Quality assurance (QA) is a way of preventing mistakes or defects in manufactured products and avoiding problems when delivering solutions or services to the customers. When you talk about software quality, you’re actually talking about the analysis of the software based on certain attributes. Its quality is based on the study of external and internal features of the software. The user focuses on how the software works at the external level, but the quality at external level are often maintained only if the coder has written a meaningful quality code. The external quality is based on how software performs in real time situation in operational mode and how useful it is. The internal quality focuses on the intrinsic aspects that depend upon quality of the code written.

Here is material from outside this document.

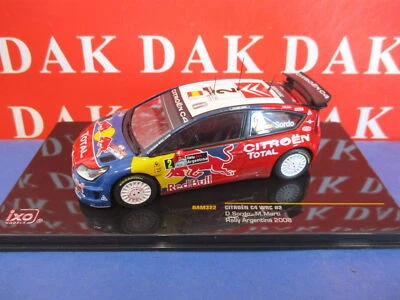Die cast 1/43 Modellino Auto Citroen C4 WRC Rally Argentina 2008 D. Sordo - Immagine 1 di 4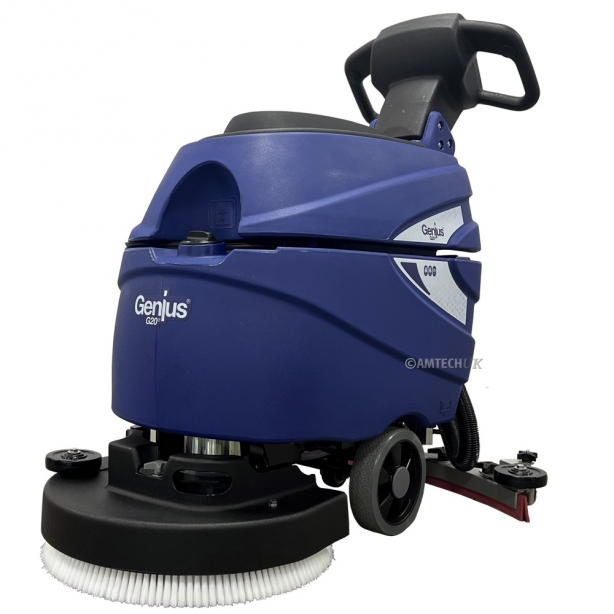 Genius G20B Walk-behind Battery Scrubber Dryer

There are two approaches that are used to determine the quality of the software, they are:
- Defect Management Approach
- Quality Attributes Approach
Anything that is not in line with the requirement of the client can be considered as a defect. The development team fails to fully understand the requirement of their client which leads to design error. Also the error can be caused due to improper data handling, wrong coding or poor functional logic. In order to keep a track of defect a defect management approach can be applied. In defect management, categories of defects are defined based on severity, the number of defects is counted and actions are taken as per the severity defined. Control charts can be created to measure the development process capability.
Quality Attributes Approach
- Functionality: Refers to complete set of important functions that are provided by the software.
- Reliability: This refers to the capability of software to perform under certain conditions for a defined duration. This also defines the ability of the system to withstand component failure.
- Usability: Refers to the ease of use of a function.
- Efficiency: Generally depends on good architecture and coding practices followed while developing software.
- Maintainability: Also known as supportability. It is greatly dependant on code readability and complexity and refers to the ability to identify and fix a fault in a software.
- Portability: Ability of the system to adopt to changes in its environment.